→ **INPUT RECORDS**
·····

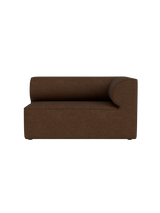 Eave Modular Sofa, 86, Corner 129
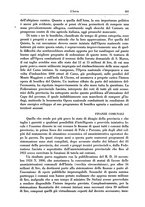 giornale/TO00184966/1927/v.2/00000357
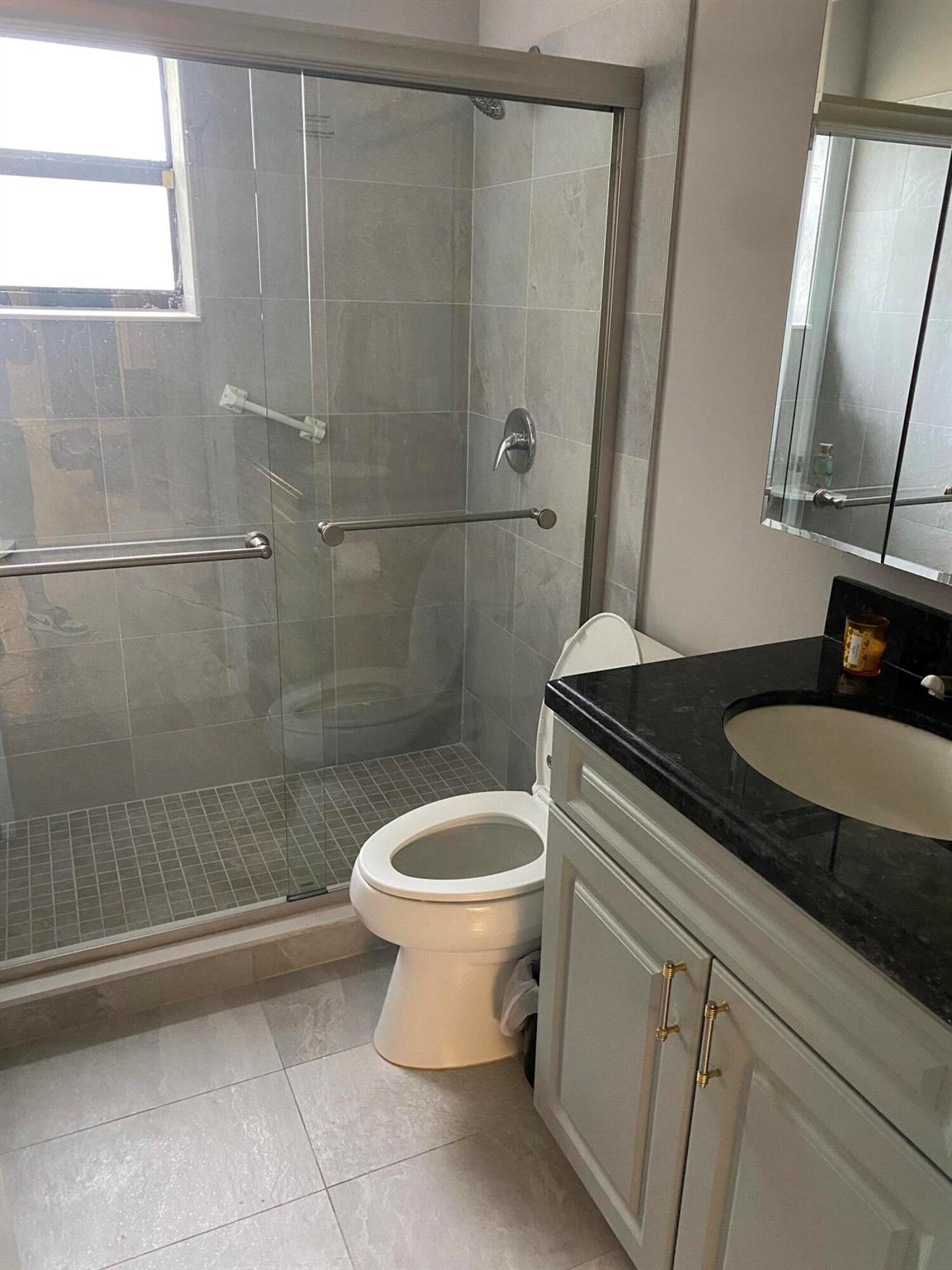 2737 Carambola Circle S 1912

·····

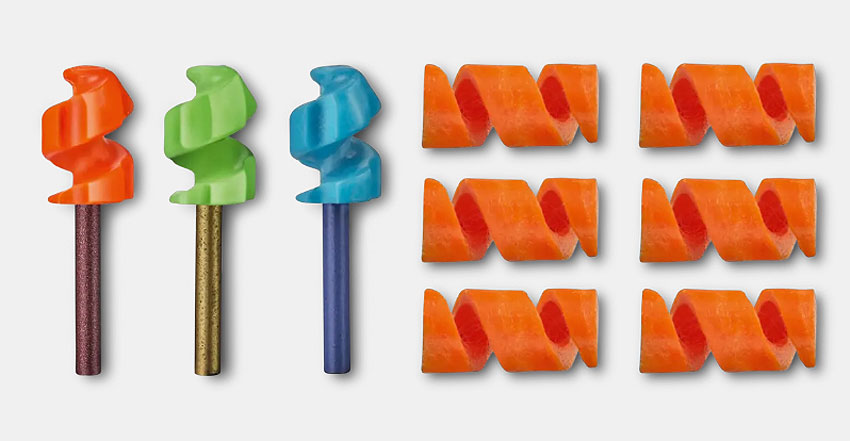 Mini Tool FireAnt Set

·····

→ **INSTRUCTIONS TO FOLLOW**
To complete this exercise, transcribe exactly the lines above from the one that holds "Eave Modular Sofa, 86, Corner 129" through the one that holds "2737 Carambola Circle S 1912". Pictures stay out.

→ **EXERCISE RESPONSE**
 Eave Modular Sofa, 86, Corner 129
 giornale/TO00184966/1927/v.2/00000357
 2737 Carambola Circle S 1912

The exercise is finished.